(Your assignment):
Write every record out again exactly, and keep images out of it.

(Image-caption web data)

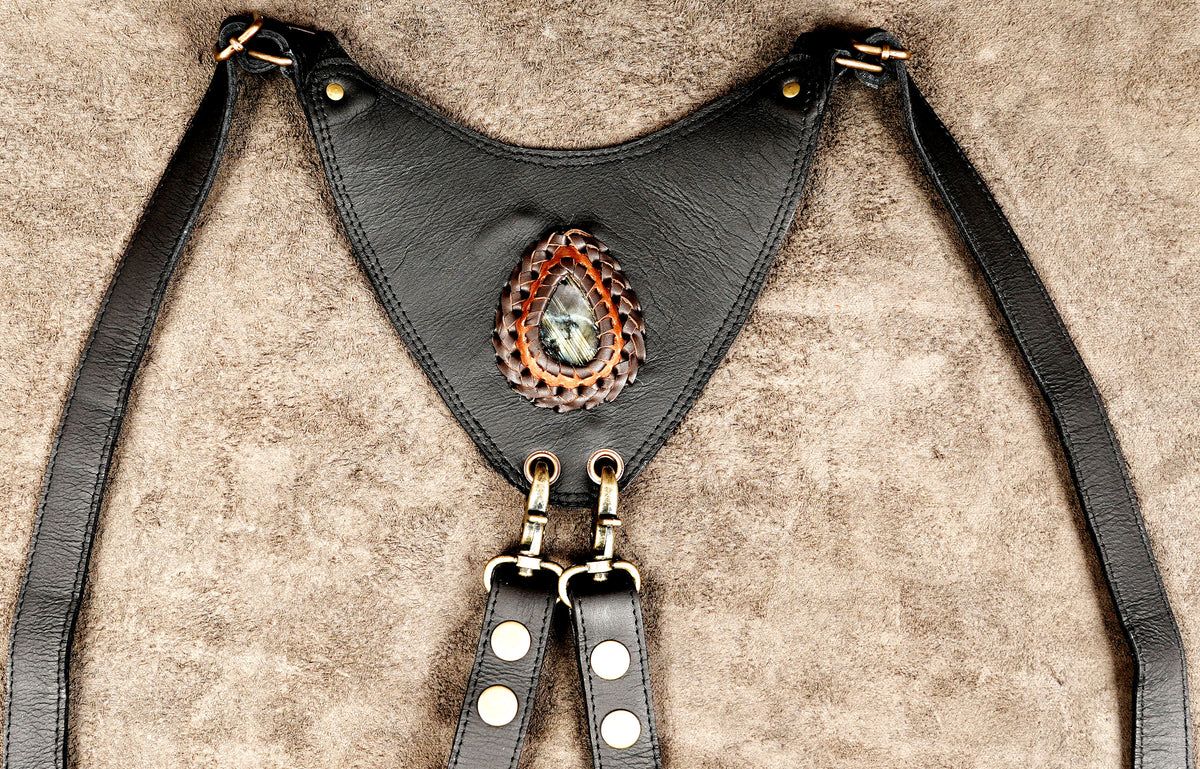 Black leather rave harness bag with decorative stone pocket flaps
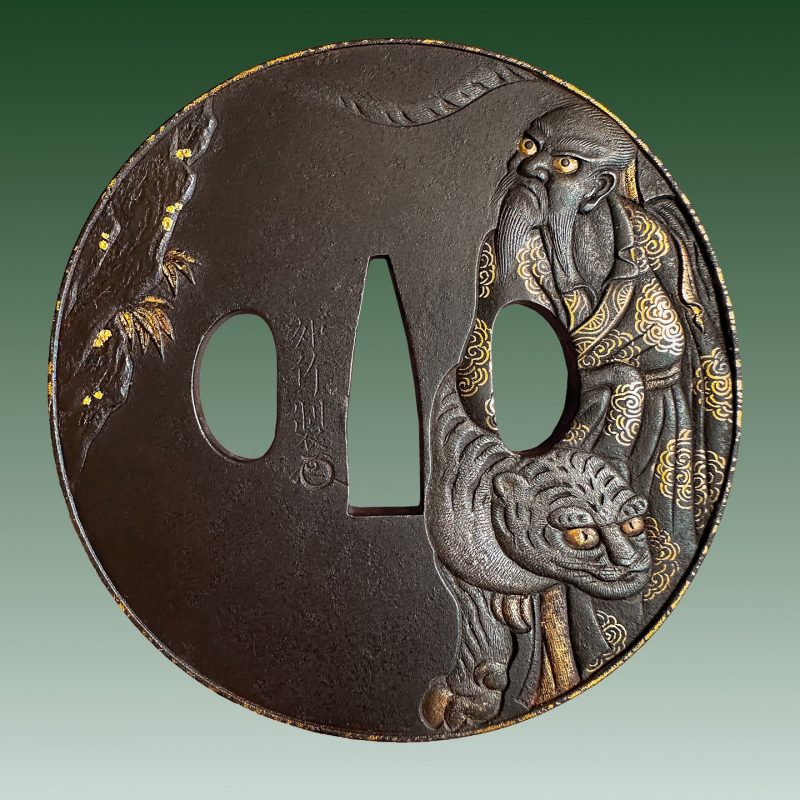 mid Edo – Edo – Murakami school

This is an iron tsuba with gold and silver inlays and incredibl ...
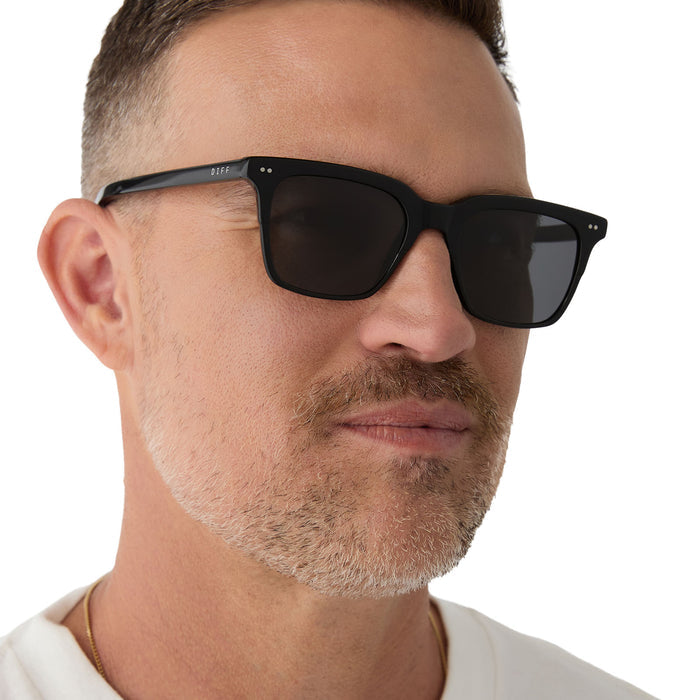 on model - male wearing Billie sunglasses with black frame and grey polarized lens-detailed view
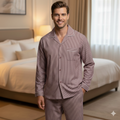 A male model smiling and standing in a cozy bedroom wearing a maroon and white striped wash-and-wear pajama set (CH-130). The long-sleeve shirt has a front pocket with perfectly aligned stripes, button closure, and white piping on the collar and cuffs.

(Task answer):
 Black leather rave harness bag with decorative stone pocket flaps
 mid Edo – Edo – Murakami school

This is an iron tsuba with gold and silver inlays and incredibl ...
 on model - male wearing Billie sunglasses with black frame and grey polarized lens-detailed view
 A male model smiling and standing in a cozy bedroom wearing a maroon and white striped wash-and-wear pajama set (CH-130). The long-sleeve shirt has a front pocket with perfectly aligned stripes, button closure, and white piping on the collar and cuffs.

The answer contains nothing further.